Segment Open

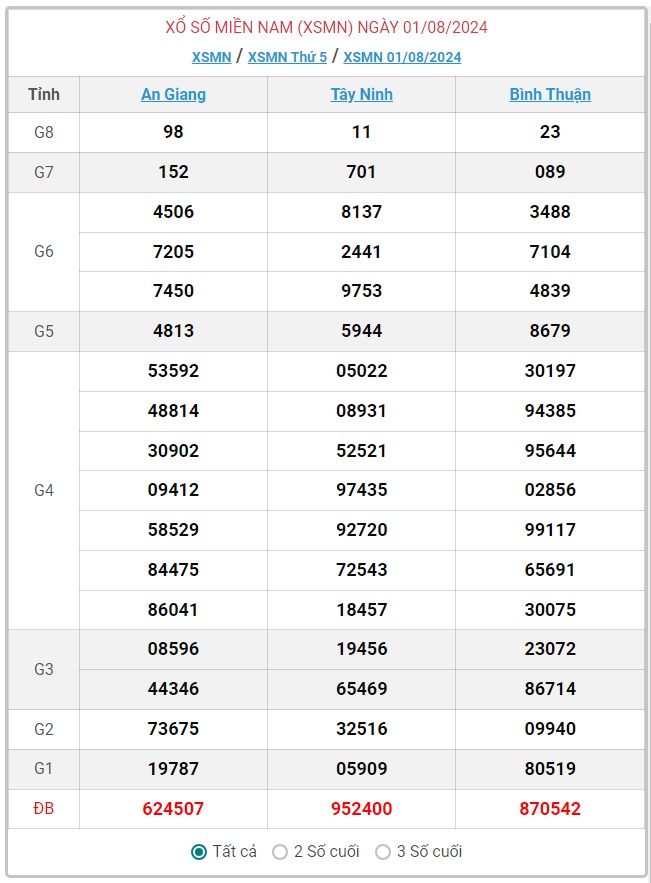 XSMN 1/8 - Kết quả xổ số miền Nam hôm nay 1/8/2024 - KQXSMN ngày 1/8- Ảnh 1.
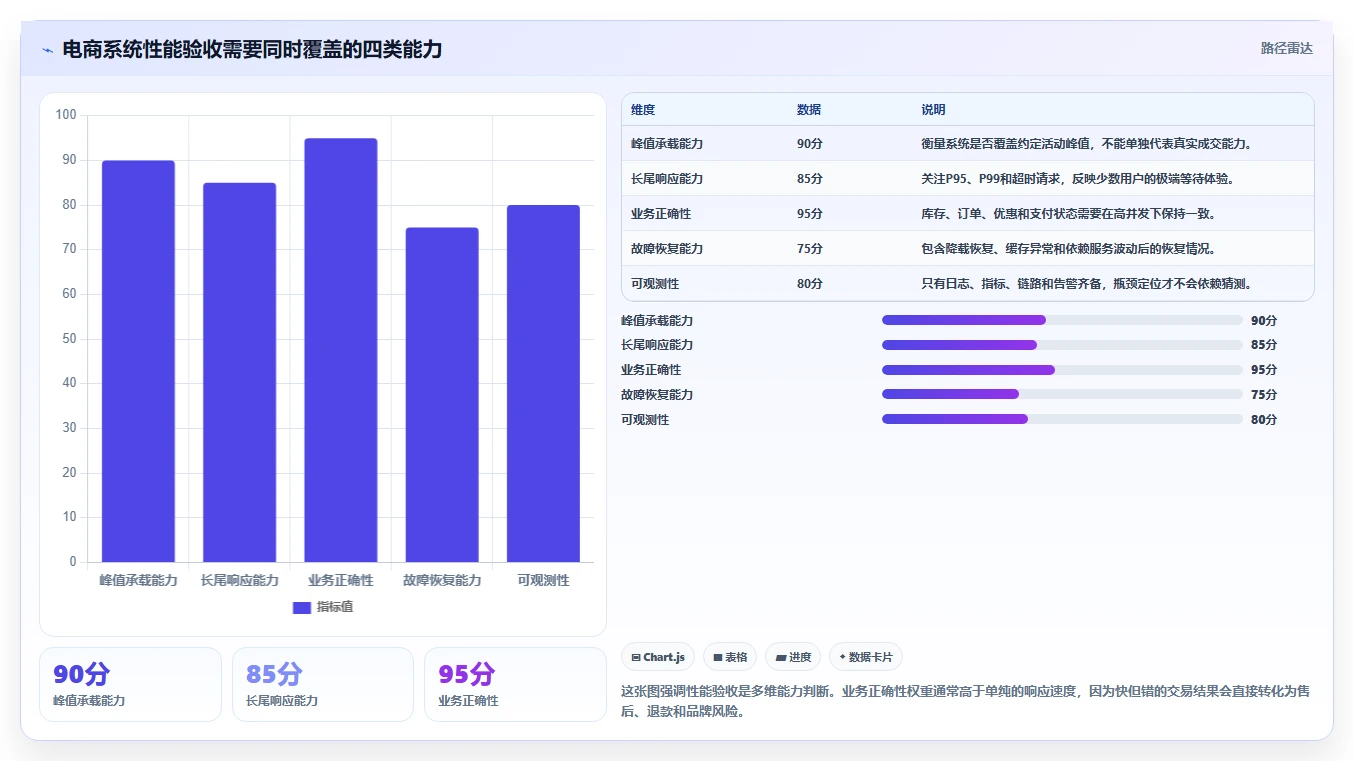 电商系统开发：品牌商家案例思路：性能压测怎样优化测试验收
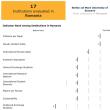 USV își menține poziția și statutul de universitate de excelență pe plan european. ...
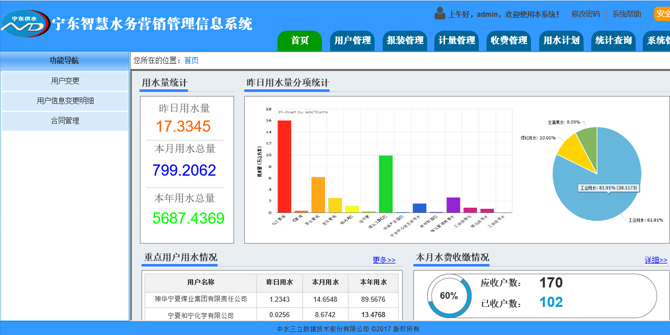 智慧水务治理平台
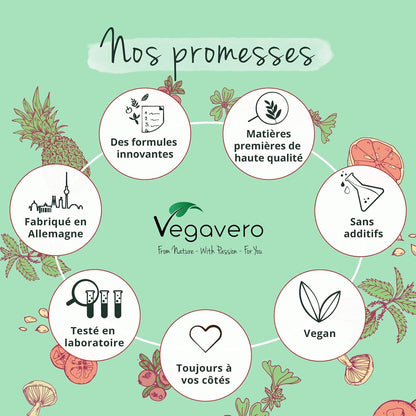 Multivitamines Et Minéraux Pour HOMME | Prostate + Santé Cardiaque | SANS ADDITIFS | Extrait Ail + Saw Palmetto | Avec 17 Mineraux + Vitamines | VEGAN | 60 Gélules | ®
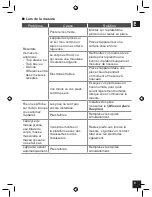 Preview for 23 page of GEONAUTE Scale 700 User Manual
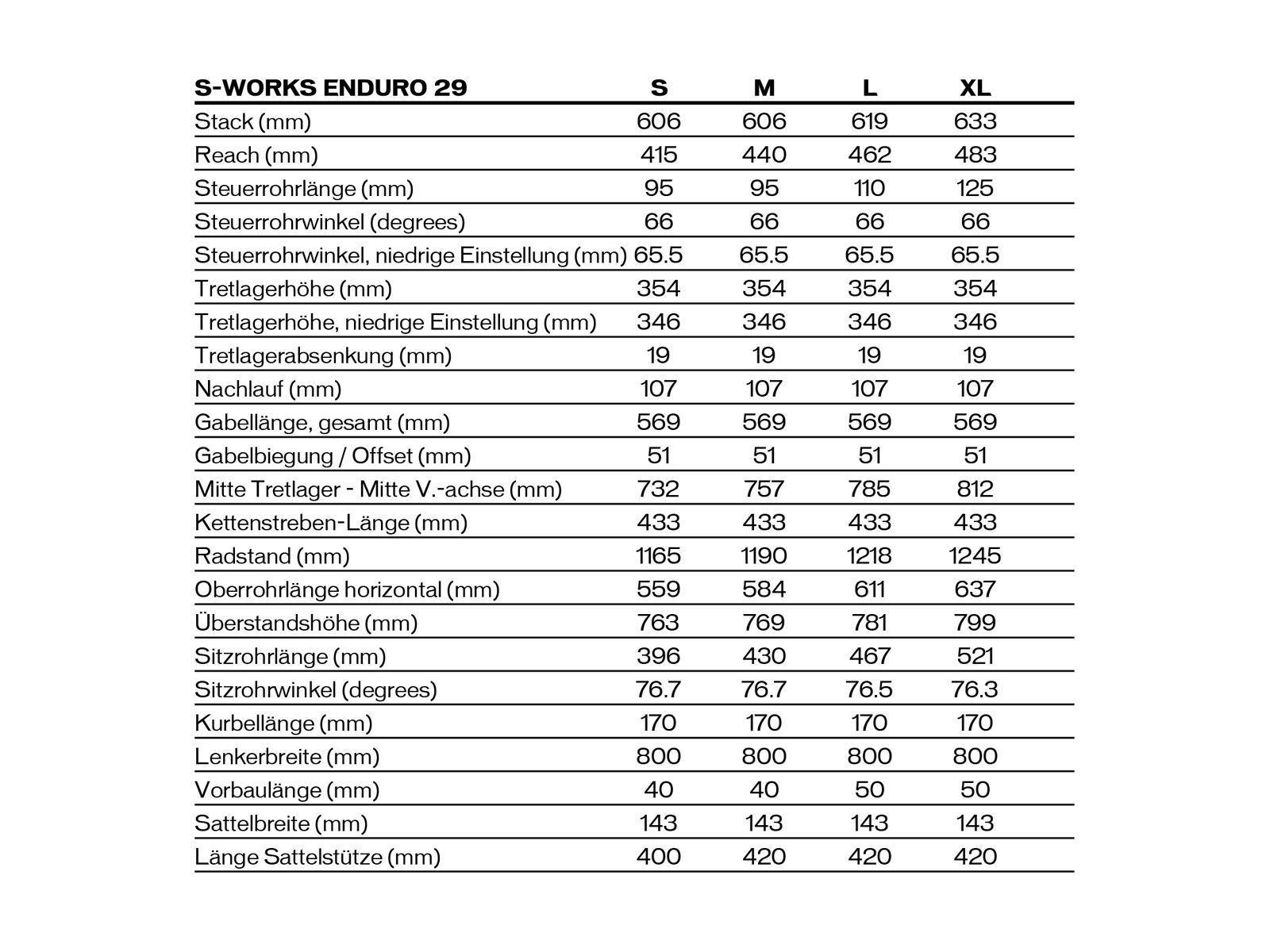 Specialized S-Works Enduro 29 Frame, gloss sunset/acid kiwi - Bild 2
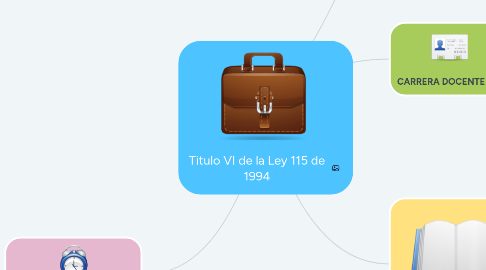 Mind Map: Titulo VI de la Ley 115 de 1994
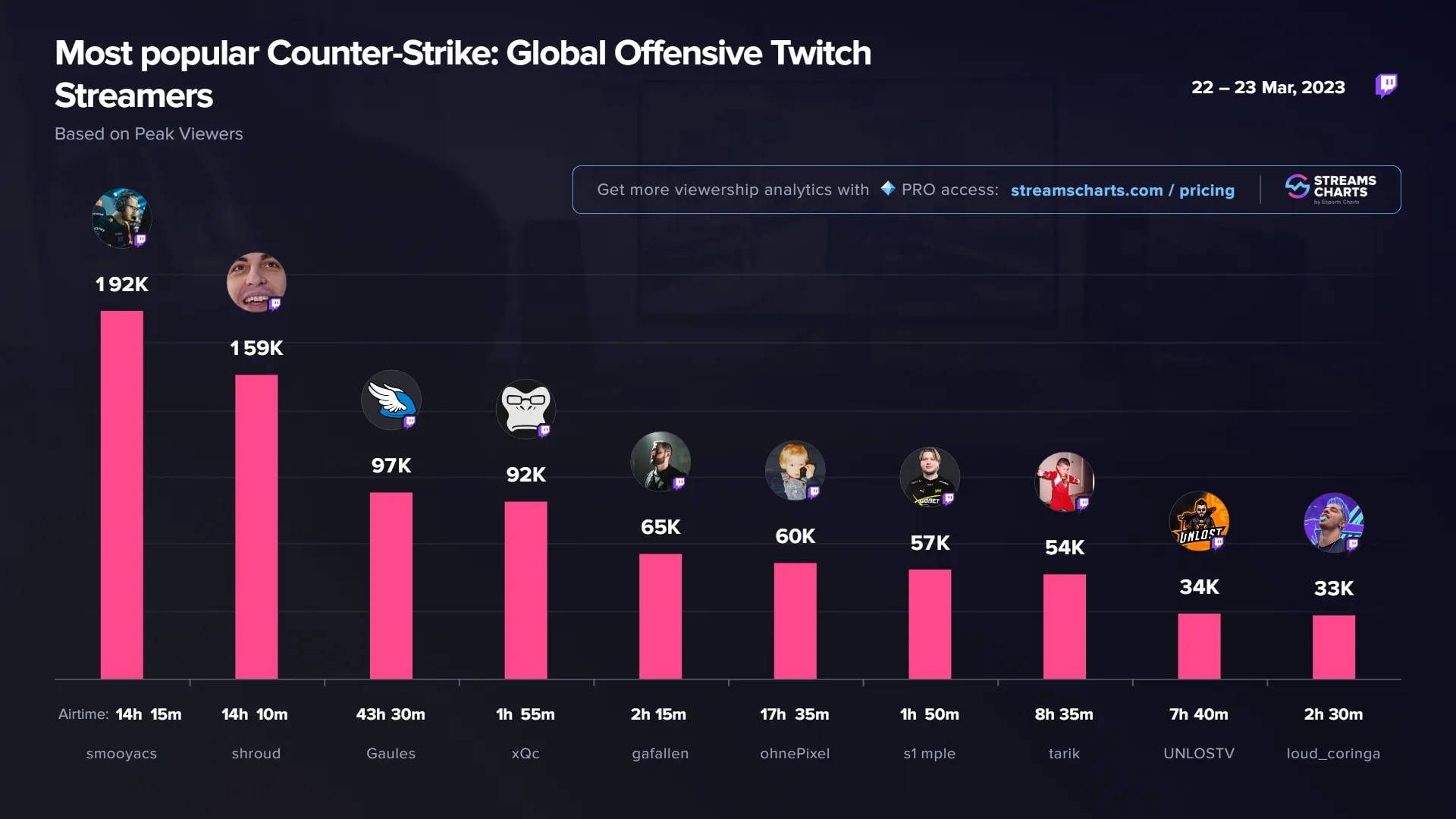 The most popular CS2 streamers on Twitch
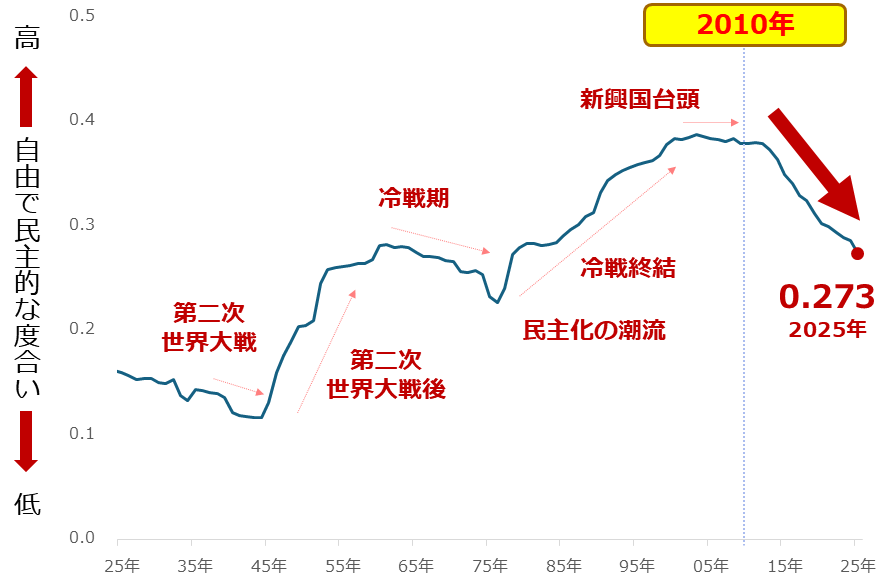 図：世界の自由民主主義指数（人口加重平均）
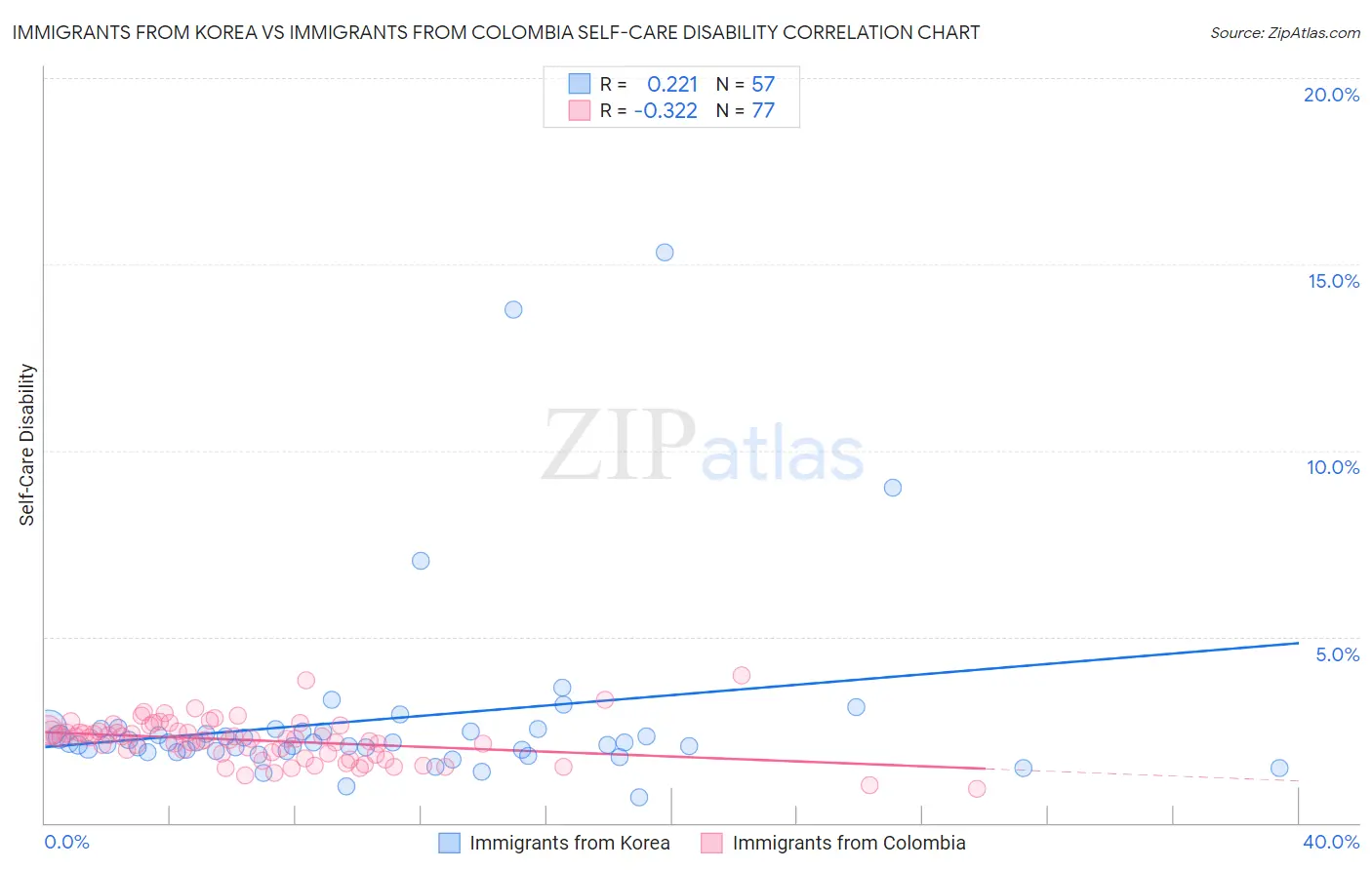 Immigrants from Korea vs Immigrants from Colombia Self-Care Disability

Segment Closed

What to do:
Output an exact copy of the lines from the one with "USV își menține" through the closing line of the records, inclusive, without any images.

Result below:
 USV își menține poziția și statutul de universitate de excelență pe plan european. ...
 智慧水务治理平台
 Multivitamines Et Minéraux Pour HOMME | Prostate + Santé Cardiaque | SANS ADDITIFS | Extrait Ail + Saw Palmetto | Avec 17 Mineraux + Vitamines | VEGAN | 60 Gélules | ®
 Preview for 23 page of GEONAUTE Scale 700 User Manual
 Specialized S-Works Enduro 29 Frame, gloss sunset/acid kiwi - Bild 2
 Mind Map: Titulo VI de la Ley 115 de 1994
 The most popular CS2 streamers on Twitch
 図：世界の自由民主主義指数（人口加重平均）
 Immigrants from Korea vs Immigrants from Colombia Self-Care Disability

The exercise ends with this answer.